Dental bonding vs porcelain veneers:  both offer great solutions for anyone who wants to restore their beautiful smile and/or correct some slight damage or discoloration that may be present.

While both options tackle some of the same problems, the procedures are very different.  

So, let’s take a closer look at each solution to determine which one will be the most effective for your individual situation.

What are Veneers?

A veneer is a type of crown made up of a certain type of ceramic that is placed over your remaining tooth structure to restore the overall function, appearance and strength of your teeth.  Every veneer is custom-made by an elite technician at our dental lab to fit perfectly onto your tooth.  

Veneers do require extra preparation of your natural teeth to allow for caries removal, alignment of where the final veneers needs to be and to allow for a certain thickness of the veneers to be made so that they do not break.   This means that it will take more than one appointment to complete the procedure.  

Veneers are most commonly used to:

  • Cover up any severe stains or discoloration
  • Close up any large gaps in between the teeth
  • Restore cracked and/or chipped teeth
  • Restore overly worn teeth back to its original function (Full mouth rehabilitation)

What Is Dental Bonding?

Dental bonding is used to enhance or restore the appearance of your teeth and to fix slight chips/cracks on your teeth.  It uses a composite resin that can be sculpted or formed into any shape to address a number of potential issues.

So, you could say that “bonding” is a more general term that is used any time this special filling is applied to the teeth, but it is mostly used when the resin is placed on the front surface of the tooth.

The goal is to slightly improve the shape, size, and color of the tooth (or teeth).  

This is a great option for patients who have a single irregularity that they want to repair or some slight chips/cracks on one or several teeth.   
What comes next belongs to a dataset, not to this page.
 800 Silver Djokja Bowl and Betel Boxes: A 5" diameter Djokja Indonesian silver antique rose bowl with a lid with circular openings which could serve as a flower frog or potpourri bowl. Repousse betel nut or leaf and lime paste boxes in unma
The most common uses for dental bonding include:

  • Repairing chips, cracks, and other damage such as cavities
  • Covering minor stains and discoloration
  • Reshaping teeth
  • Treating roots that have been exposed

Which is Right for You

Each of these procedures are valid choices in a range of different circumstances. Which one you choose can depend on a number of variables. (Be sure to contact us for a consultation on all your dental options.)

Let’s take a closer look at the pros and cons of each procedure to create a more complete picture and help determine which will be right for you.

Veneers:

There are a lot of pros to veneers.  First, they create a beautiful, uniform appearance almost immediately.  They can cover up most cracks or stains easily, and most consider them more effective at doing so than bonding.
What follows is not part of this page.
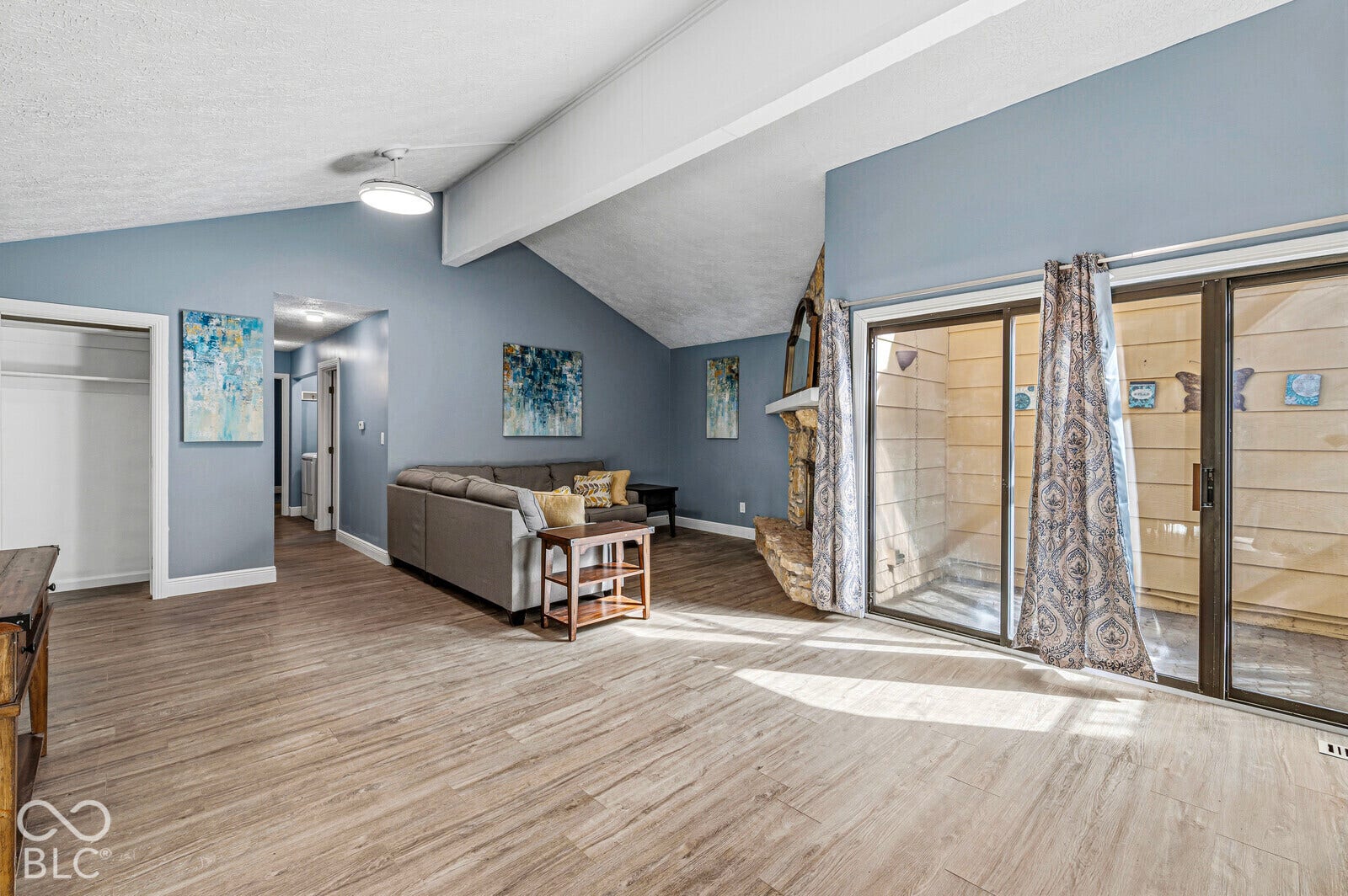Vaulted ceiling with exposed beam, wood-finish flooring, stone fireplace, and sliding glass doors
The materials used to create the veneers are also more resistant to staining.  So the shade that the veneer is made, will not discolor in the future even with wine, coffee or tea drinking.  Due to it being made in the dental lab, the added strength of the veneers mean they can also be more resistant to chips or breaks.

It is important to note, that veneers require your dentist to reshape your tooth/teeth to make room for the veneer to be put on or to remove any cavities, discrepancies before the veneers are permanently cemented on.   This is important because veneers need to be made at the correct form, fit and function in order for it to last you a long time. On average, veneers can last you anywhere from 5-25 years.

Bonding:

Bonding is usually considered a faster procedure than getting veneers, because it can generally be completed in a single appointment (rather than two or more).  The esthetic outcome all depends on the materials that your dentist uses and whether he/she is a true dental artist. Once bonding is placed, the maintenance is similar to what you woul normally do for your natural teeth.  Bonding is less expensive than veneers. 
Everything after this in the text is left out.